### Listed entries

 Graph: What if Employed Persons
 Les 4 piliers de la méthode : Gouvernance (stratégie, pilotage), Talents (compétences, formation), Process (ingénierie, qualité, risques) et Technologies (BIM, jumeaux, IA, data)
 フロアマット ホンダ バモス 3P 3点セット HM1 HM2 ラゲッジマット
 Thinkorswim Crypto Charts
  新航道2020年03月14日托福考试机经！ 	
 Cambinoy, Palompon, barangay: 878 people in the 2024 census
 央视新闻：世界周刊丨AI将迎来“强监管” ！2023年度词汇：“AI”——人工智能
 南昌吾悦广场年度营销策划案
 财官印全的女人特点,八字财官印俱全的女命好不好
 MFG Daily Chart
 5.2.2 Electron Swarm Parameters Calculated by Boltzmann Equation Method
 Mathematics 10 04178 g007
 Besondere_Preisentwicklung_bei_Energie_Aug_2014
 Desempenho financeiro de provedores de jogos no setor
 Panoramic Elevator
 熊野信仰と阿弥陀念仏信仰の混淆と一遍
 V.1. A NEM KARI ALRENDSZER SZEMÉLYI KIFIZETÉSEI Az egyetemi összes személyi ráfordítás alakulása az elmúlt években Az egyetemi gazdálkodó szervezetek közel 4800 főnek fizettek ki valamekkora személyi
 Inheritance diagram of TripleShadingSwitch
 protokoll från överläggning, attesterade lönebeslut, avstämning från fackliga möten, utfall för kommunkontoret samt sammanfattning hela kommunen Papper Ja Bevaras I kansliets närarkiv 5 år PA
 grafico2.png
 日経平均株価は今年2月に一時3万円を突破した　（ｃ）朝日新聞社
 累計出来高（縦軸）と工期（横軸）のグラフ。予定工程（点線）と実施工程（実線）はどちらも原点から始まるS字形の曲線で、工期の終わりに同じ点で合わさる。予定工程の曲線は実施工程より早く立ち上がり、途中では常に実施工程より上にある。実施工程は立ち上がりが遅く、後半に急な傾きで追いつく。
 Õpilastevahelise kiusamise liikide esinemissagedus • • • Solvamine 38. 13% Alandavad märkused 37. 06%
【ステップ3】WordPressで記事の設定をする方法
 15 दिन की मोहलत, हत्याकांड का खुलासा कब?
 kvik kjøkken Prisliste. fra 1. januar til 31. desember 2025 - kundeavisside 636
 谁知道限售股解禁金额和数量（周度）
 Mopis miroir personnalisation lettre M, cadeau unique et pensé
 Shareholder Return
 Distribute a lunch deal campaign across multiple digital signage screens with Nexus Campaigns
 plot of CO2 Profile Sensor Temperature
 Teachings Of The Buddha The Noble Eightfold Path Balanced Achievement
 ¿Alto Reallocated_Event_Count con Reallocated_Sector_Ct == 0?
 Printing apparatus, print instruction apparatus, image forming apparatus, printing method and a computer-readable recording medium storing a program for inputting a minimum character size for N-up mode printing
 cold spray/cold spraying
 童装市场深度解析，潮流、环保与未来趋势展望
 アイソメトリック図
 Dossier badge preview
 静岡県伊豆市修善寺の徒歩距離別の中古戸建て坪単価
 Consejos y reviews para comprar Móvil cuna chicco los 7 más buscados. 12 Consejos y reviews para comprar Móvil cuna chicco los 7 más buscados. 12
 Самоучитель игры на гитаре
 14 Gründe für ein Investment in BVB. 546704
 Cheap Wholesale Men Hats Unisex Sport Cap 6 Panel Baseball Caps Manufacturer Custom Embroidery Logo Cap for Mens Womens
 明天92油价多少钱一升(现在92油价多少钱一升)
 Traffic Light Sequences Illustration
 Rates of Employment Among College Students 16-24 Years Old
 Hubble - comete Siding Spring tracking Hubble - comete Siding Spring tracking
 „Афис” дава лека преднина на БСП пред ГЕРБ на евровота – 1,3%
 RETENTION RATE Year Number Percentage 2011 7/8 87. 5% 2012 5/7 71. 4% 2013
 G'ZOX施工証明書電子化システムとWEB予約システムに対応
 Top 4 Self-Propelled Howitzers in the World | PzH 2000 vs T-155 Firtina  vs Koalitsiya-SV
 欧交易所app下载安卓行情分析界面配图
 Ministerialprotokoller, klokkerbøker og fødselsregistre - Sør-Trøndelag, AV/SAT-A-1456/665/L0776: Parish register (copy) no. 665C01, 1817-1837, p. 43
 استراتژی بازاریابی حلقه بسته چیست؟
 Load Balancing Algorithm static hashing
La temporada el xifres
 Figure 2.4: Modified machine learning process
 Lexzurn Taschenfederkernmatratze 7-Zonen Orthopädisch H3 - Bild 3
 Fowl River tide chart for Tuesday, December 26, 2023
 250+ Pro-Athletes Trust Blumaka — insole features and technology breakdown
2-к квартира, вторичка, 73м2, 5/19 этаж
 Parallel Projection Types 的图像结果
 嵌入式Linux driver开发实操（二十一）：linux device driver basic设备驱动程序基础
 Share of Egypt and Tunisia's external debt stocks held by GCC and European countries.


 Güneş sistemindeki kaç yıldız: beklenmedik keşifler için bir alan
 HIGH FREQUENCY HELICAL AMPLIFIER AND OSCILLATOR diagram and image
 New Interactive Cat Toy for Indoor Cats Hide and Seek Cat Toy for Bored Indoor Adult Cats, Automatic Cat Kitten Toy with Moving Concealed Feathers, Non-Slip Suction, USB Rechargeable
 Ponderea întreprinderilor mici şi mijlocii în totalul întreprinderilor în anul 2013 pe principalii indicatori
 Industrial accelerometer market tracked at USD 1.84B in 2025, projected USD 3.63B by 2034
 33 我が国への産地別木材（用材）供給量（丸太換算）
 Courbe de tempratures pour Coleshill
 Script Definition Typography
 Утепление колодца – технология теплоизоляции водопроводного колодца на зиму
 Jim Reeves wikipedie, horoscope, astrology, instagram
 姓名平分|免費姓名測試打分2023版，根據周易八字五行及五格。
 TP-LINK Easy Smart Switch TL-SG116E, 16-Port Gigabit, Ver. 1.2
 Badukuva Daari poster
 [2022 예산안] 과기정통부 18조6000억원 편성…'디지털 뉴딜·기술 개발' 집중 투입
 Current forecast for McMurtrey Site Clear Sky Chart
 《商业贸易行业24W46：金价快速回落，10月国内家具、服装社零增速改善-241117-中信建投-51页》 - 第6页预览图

### Task item
Each line above is to be set down again verbatim.

### Solution to the exercise
 Graph: What if Employed Persons
 Les 4 piliers de la méthode : Gouvernance (stratégie, pilotage), Talents (compétences, formation), Process (ingénierie, qualité, risques) et Technologies (BIM, jumeaux, IA, data)
 フロアマット ホンダ バモス 3P 3点セット HM1 HM2 ラゲッジマット
 Thinkorswim Crypto Charts
  新航道2020年03月14日托福考试机经！ 	
 Cambinoy, Palompon, barangay: 878 people in the 2024 census
 央视新闻：世界周刊丨AI将迎来“强监管” ！2023年度词汇：“AI”——人工智能
 南昌吾悦广场年度营销策划案
 财官印全的女人特点,八字财官印俱全的女命好不好
 MFG Daily Chart
 5.2.2 Electron Swarm Parameters Calculated by Boltzmann Equation Method
 Mathematics 10 04178 g007
 Besondere_Preisentwicklung_bei_Energie_Aug_2014
 Desempenho financeiro de provedores de jogos no setor
 Panoramic Elevator
 熊野信仰と阿弥陀念仏信仰の混淆と一遍
 V.1. A NEM KARI ALRENDSZER SZEMÉLYI KIFIZETÉSEI Az egyetemi összes személyi ráfordítás alakulása az elmúlt években Az egyetemi gazdálkodó szervezetek közel 4800 főnek fizettek ki valamekkora személyi
 Inheritance diagram of TripleShadingSwitch
 protokoll från överläggning, attesterade lönebeslut, avstämning från fackliga möten, utfall för kommunkontoret samt sammanfattning hela kommunen Papper Ja Bevaras I kansliets närarkiv 5 år PA
 grafico2.png
 日経平均株価は今年2月に一時3万円を突破した　（ｃ）朝日新聞社
 累計出来高（縦軸）と工期（横軸）のグラフ。予定工程（点線）と実施工程（実線）はどちらも原点から始まるS字形の曲線で、工期の終わりに同じ点で合わさる。予定工程の曲線は実施工程より早く立ち上がり、途中では常に実施工程より上にある。実施工程は立ち上がりが遅く、後半に急な傾きで追いつく。
 Õpilastevahelise kiusamise liikide esinemissagedus • • • Solvamine 38. 13% Alandavad märkused 37. 06%
【ステップ3】WordPressで記事の設定をする方法
 15 दिन की मोहलत, हत्याकांड का खुलासा कब?
 kvik kjøkken Prisliste. fra 1. januar til 31. desember 2025 - kundeavisside 636
 谁知道限售股解禁金额和数量（周度）
 Mopis miroir personnalisation lettre M, cadeau unique et pensé
 Shareholder Return
 Distribute a lunch deal campaign across multiple digital signage screens with Nexus Campaigns
 plot of CO2 Profile Sensor Temperature
 Teachings Of The Buddha The Noble Eightfold Path Balanced Achievement
 ¿Alto Reallocated_Event_Count con Reallocated_Sector_Ct == 0?
 Printing apparatus, print instruction apparatus, image forming apparatus, printing method and a computer-readable recording medium storing a program for inputting a minimum character size for N-up mode printing
 cold spray/cold spraying
 童装市场深度解析，潮流、环保与未来趋势展望
 アイソメトリック図
 Dossier badge preview
 静岡県伊豆市修善寺の徒歩距離別の中古戸建て坪単価
 Consejos y reviews para comprar Móvil cuna chicco los 7 más buscados. 12 Consejos y reviews para comprar Móvil cuna chicco los 7 más buscados. 12
 Самоучитель игры на гитаре
 14 Gründe für ein Investment in BVB. 546704
 Cheap Wholesale Men Hats Unisex Sport Cap 6 Panel Baseball Caps Manufacturer Custom Embroidery Logo Cap for Mens Womens
 明天92油价多少钱一升(现在92油价多少钱一升)
 Traffic Light Sequences Illustration
 Rates of Employment Among College Students 16-24 Years Old
 Hubble - comete Siding Spring tracking Hubble - comete Siding Spring tracking
 „Афис” дава лека преднина на БСП пред ГЕРБ на евровота – 1,3%
 RETENTION RATE Year Number Percentage 2011 7/8 87. 5% 2012 5/7 71. 4% 2013
 G'ZOX施工証明書電子化システムとWEB予約システムに対応
 Top 4 Self-Propelled Howitzers in the World | PzH 2000 vs T-155 Firtina  vs Koalitsiya-SV
 欧交易所app下载安卓行情分析界面配图
 Ministerialprotokoller, klokkerbøker og fødselsregistre - Sør-Trøndelag, AV/SAT-A-1456/665/L0776: Parish register (copy) no. 665C01, 1817-1837, p. 43
 استراتژی بازاریابی حلقه بسته چیست؟
 Load Balancing Algorithm static hashing
La temporada el xifres
 Figure 2.4: Modified machine learning process
 Lexzurn Taschenfederkernmatratze 7-Zonen Orthopädisch H3 - Bild 3
 Fowl River tide chart for Tuesday, December 26, 2023
 250+ Pro-Athletes Trust Blumaka — insole features and technology breakdown
2-к квартира, вторичка, 73м2, 5/19 этаж
 Parallel Projection Types 的图像结果
 嵌入式Linux driver开发实操（二十一）：linux device driver basic设备驱动程序基础
 Share of Egypt and Tunisia's external debt stocks held by GCC and European countries.


 Güneş sistemindeki kaç yıldız: beklenmedik keşifler için bir alan
 HIGH FREQUENCY HELICAL AMPLIFIER AND OSCILLATOR diagram and image
 New Interactive Cat Toy for Indoor Cats Hide and Seek Cat Toy for Bored Indoor Adult Cats, Automatic Cat Kitten Toy with Moving Concealed Feathers, Non-Slip Suction, USB Rechargeable
 Ponderea întreprinderilor mici şi mijlocii în totalul întreprinderilor în anul 2013 pe principalii indicatori
 Industrial accelerometer market tracked at USD 1.84B in 2025, projected USD 3.63B by 2034
 33 我が国への産地別木材（用材）供給量（丸太換算）
 Courbe de tempratures pour Coleshill
 Script Definition Typography
 Утепление колодца – технология теплоизоляции водопроводного колодца на зиму
 Jim Reeves wikipedie, horoscope, astrology, instagram
 姓名平分|免費姓名測試打分2023版，根據周易八字五行及五格。
 TP-LINK Easy Smart Switch TL-SG116E, 16-Port Gigabit, Ver. 1.2
 Badukuva Daari poster
 [2022 예산안] 과기정통부 18조6000억원 편성…'디지털 뉴딜·기술 개발' 집중 투입
 Current forecast for McMurtrey Site Clear Sky Chart
 《商业贸易行业24W46：金价快速回落，10月国内家具、服装社零增速改善-241117-中信建投-51页》 - 第6页预览图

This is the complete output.